Institut de Biochimie Moléculaire et Cellulaire (IBBMC), Univ Paris Sud, UMR 8619, Orsay, F-91405 Orsay, France.
J Mol Biol. 2010 Nov 26;404(2):307-27. doi: 10.1016/j.jmb.2010.09.048. Epub 2010 Sep 29.
Repeat proteins have a modular organization and a regular architecture that make them attractive models for design and directed evolution experiments. HEAT repeat proteins, although very common, have not been used as a scaffold for artificial proteins, probably because they are made of long and irregular repeats. Here, we present and validate a consensus sequence for artificial HEAT repeat proteins. The sequence was defined from the structure-based sequence analysis of a thermostable HEAT-like repeat protein. Appropriate sequences were identified for the N- and C-caps. A library of genes coding for artificial proteins based on this sequence design, named αRep, was assembled using new and versatile methodology based on circular amplification. Proteins picked randomly from this library are expressed as soluble proteins. The biophysical properties of proteins with different numbers of repeats and different combinations of side chains in hypervariable positions were characterized. Circular dichroism and differential scanning calorimetry experiments showed that all these proteins are folded cooperatively and are very stable (T(m) >70 °C). Stability of these proteins increases with the number of repeats. Detailed gel filtration and small-angle X-ray scattering studies showed that the purified proteins form either monomers or dimers. The X-ray structure of a stable dimeric variant structure was solved. The protein is folded with a highly regular topology and the repeat structure is organized, as expected, as pairs of alpha helices. In this protein variant, the dimerization interface results directly from the variable surface enriched in aromatic residues located in the randomized positions of the repeats. The dimer was crystallized both in an apo and in a PEG-bound form, revealing a very well defined binding crevice and some structure flexibility at the interface. This fortuitous binding site could later prove to be a useful binding site for other low molecular mass partners.
重复蛋白具有模块化的结构和规则的架构,这使得它们成为设计和定向进化实验的理想模型。尽管 HEAT 重复蛋白非常常见,但它们尚未被用作人工蛋白的支架,可能是因为它们由长而不规则的重复组成。在这里,我们提出并验证了人工 HEAT 重复蛋白的一致序列。该序列是根据耐热型 HEAT 样重复蛋白的基于结构的序列分析定义的。适用于 N-和 C-帽的序列被识别。使用基于循环扩增的新的多功能方法,组装了一个基于该序列设计的编码人工蛋白的基因文库,命名为αRep。从该文库中随机挑选的蛋白质作为可溶性蛋白质表达。对具有不同重复数和超变位置侧链不同组合的蛋白质的生物物理性质进行了表征。

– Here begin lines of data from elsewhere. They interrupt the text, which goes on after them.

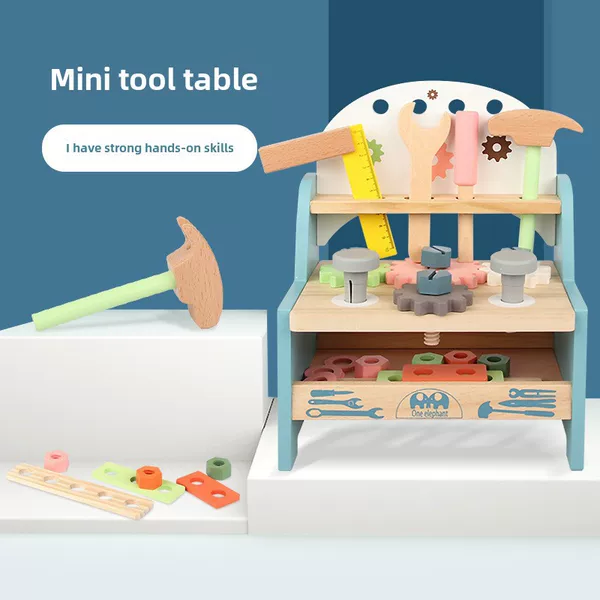 Amazon children's simulation repair tool table toy boy puzzle screw nut disassembly wooden tool box
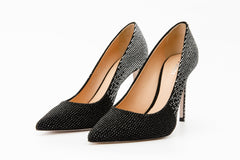 The Bago Black Silver Glitter Leather Pump Shoe Universal Fit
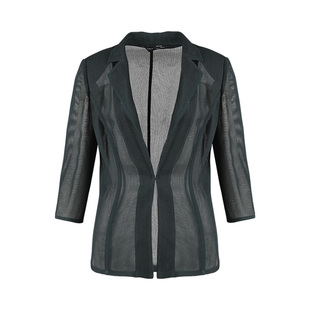 LIANGNUO靓诺黛绿色网格透视衫 LS22240A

圆二色性和差示扫描量热法实验表明,所有这些蛋白质都是协同折叠的,非常稳定(Tm>70°C)。这些蛋白质的稳定性随重复数的增加而增加。详细的凝胶过滤和小角 X 射线散射研究表明,纯化的蛋白质形成单体或二聚体。稳定二聚变体结构的 X 射线结构已被解决。该蛋白具有高度规则的拓扑结构,重复结构如预期的那样组织成双螺旋结构。在该蛋白变体中,二聚化界面直接来自富含芳香族残基的可变表面,这些残基位于重复的随机位置。该二聚体以无配体和 PEG 结合两种形式结晶,揭示了非常明确的结合裂缝和界面处的一些结构灵活性。这个偶然的结合位点以后可能会成为其他低分子量配体的有用结合位点。